(The problem): What is the number of lines in this listing that include "Mommy"? Answer with that number only.
------ Exercise data ------
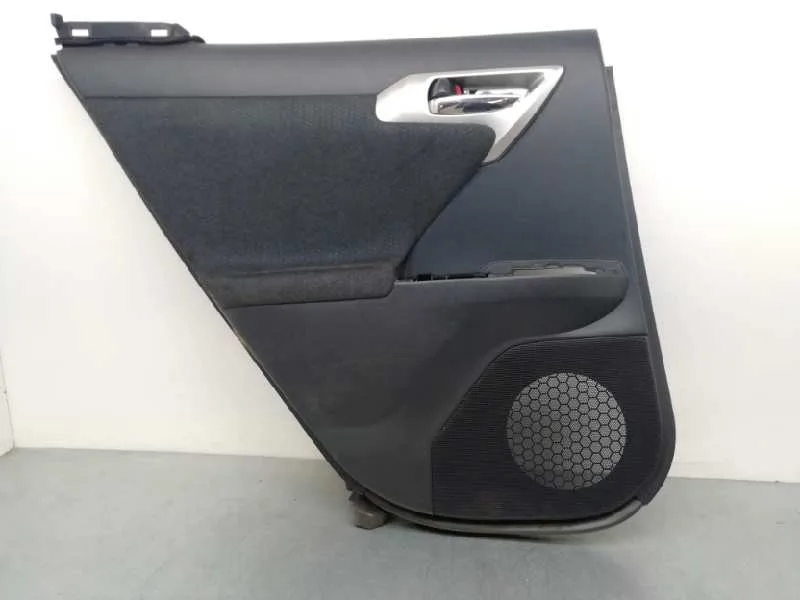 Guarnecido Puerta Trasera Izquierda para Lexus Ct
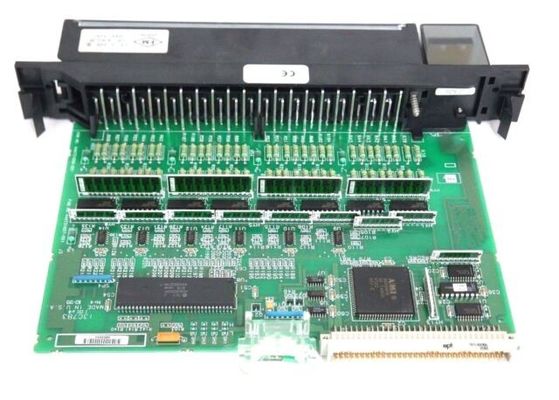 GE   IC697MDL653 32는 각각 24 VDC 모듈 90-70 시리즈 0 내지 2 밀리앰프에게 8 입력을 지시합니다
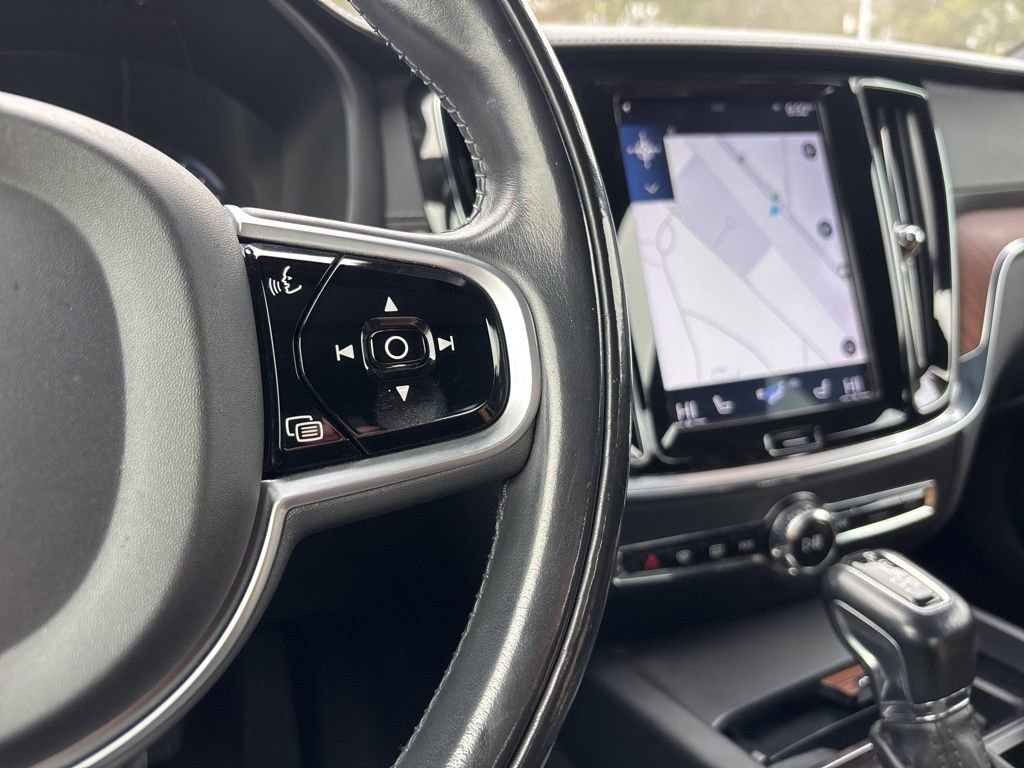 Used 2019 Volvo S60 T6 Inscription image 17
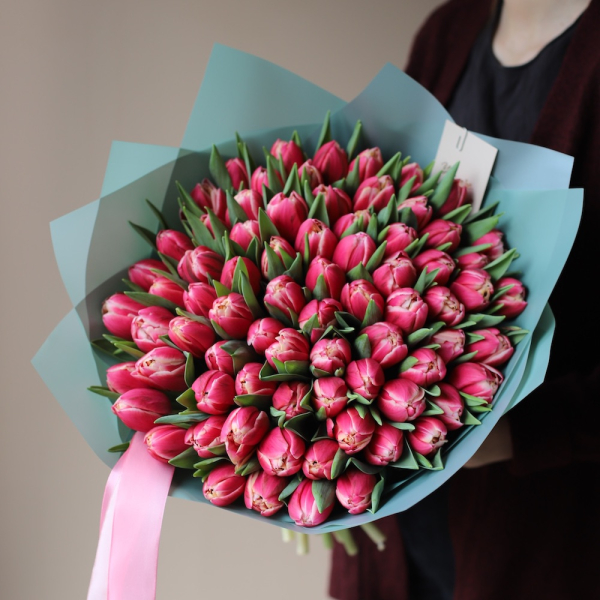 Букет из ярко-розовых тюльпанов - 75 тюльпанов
------
------ Exercise data ------
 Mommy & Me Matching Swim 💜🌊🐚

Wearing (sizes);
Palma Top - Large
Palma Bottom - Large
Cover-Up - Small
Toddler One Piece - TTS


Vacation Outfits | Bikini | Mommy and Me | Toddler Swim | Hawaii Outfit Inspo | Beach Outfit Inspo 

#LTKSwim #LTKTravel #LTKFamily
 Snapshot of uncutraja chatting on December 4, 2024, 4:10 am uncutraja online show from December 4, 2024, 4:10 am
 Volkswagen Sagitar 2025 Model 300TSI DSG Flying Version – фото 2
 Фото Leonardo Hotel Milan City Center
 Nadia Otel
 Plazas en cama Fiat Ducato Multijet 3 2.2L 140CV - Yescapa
------
(Task solution): 2